Love requires sacrifice and willing the good of the other. Since these children, teens, and young adults, live primarily in a virtual world of their own making, they do not have to sacrifice in relationships, and they can cancel people at will. This deeply damages their ability to form deeper and more fulfilling relationships. It makes it impossible to build healthy communities with disagreement because the starting point in everything is themselves. In fact, their ability to love and be loved is being stunted.

Even more concerning is the growing indifference, hostility, and even violent attitudes that are arising from these virtual worlds they are living in. How many videos have been posted now of violent acts taking place while people film and nobody helps? This leads to a very dark future. In a world where people do not know how to love, selfishness reigns supreme.

It is now well known that countless children, teens, and adults are terribly lonely. They are not experiencing love directly or at all. In fact, they have been taught a counterfeit, which leaves them lonely and isolated. Only countless hours of scrolling keep their minds off of that loneliness.

This virtual living is also creating violent divisions in nations across the Western world that are led in large part by young people. Thanks to the obvious use of propaganda (on all sides of the political spectrum) in social and news media, young people especially are more prone to violence and more vulnerable to the lies fed to them. The recent university riots reveal this reality, as does the attempted assassination of a former president. Political violence in many forms is increasing in the Western world, and social media is used to stoke the fires of rage and destruction.

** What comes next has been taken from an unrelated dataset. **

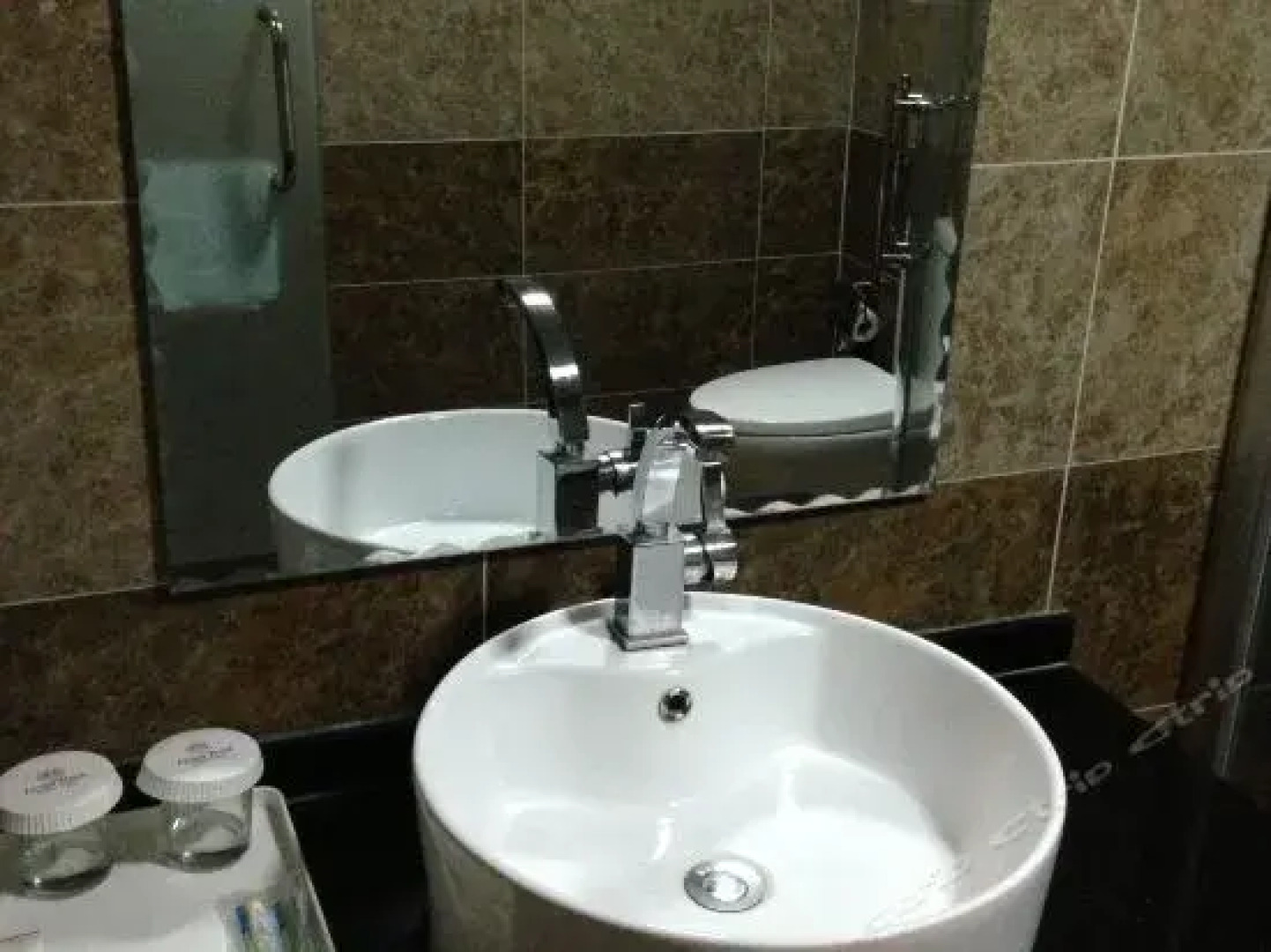 Kunlun Leju Business Hotel (Nanyang Xinchen Road)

Catholics should be taking serious stock of how smartphones and social media are impacting our families, parishes, surrounding communities, and nations. We must stop jumping on every new bandwagon when another technology arises. If there is one virtue we as a Church have not exercised enough in the face of new technologies, it is prudence. I am just as guilty of this as everyone else. It took me 12 years to understand what social media and smartphone addiction was doing to me and my family.

There are countless wounded kids, teens, and adults in our communities who are deeply lonely, depressed, anxious, and even suicidal. There are many who are trapped in cycles of fear perpetuated by the politicization of everything to such a point that they cannot see reality—this is on both sides—and are lashing out violently. They are sitting in our pews, and many are sitting alone in their homes longing for true human connection.

We should be asking ourselves if virtual reality is what the Lord wants us to live in or if part of the way we live the Gospel in this age is by helping people to untether themselves, teaching them how to live in actual reality with all its messiness, periods of boredom, and suffering.

By God’s given nature we are social creatures, but this ultimately means building communities that are physically, spiritually, emotionally, and mentally present to one another. This is the only way we can fully love. We have to reclaim the calling of the Cross. Love is sacrificial. It is not on our own terms. It is self-emptying. Social media and smartphone over-reliance are counterfeits to real love and connection. As a Church, we should be finding ways to build authentic communities on the love of Christ, rather than virtual counterfeits that are making us lonelier, more divided, and unfortunately, violent.